WHAT TO PRODUCE:
May I have the lines from the one containing "Involtini di pasta" to the end of the entries, returned exactly and with nothing else?
------
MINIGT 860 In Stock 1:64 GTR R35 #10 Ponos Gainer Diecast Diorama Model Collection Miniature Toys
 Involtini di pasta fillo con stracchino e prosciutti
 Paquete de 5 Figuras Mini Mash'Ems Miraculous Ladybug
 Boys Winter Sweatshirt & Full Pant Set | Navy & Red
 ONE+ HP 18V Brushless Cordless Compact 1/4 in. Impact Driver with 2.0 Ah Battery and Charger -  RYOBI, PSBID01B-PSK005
------
TASK OUTPUT:
 Involtini di pasta fillo con stracchino e prosciutti
 Paquete de 5 Figuras Mini Mash'Ems Miraculous Ladybug
 Boys Winter Sweatshirt & Full Pant Set | Navy & Red
 ONE+ HP 18V Brushless Cordless Compact 1/4 in. Impact Driver with 2.0 Ah Battery and Charger -  RYOBI, PSBID01B-PSK005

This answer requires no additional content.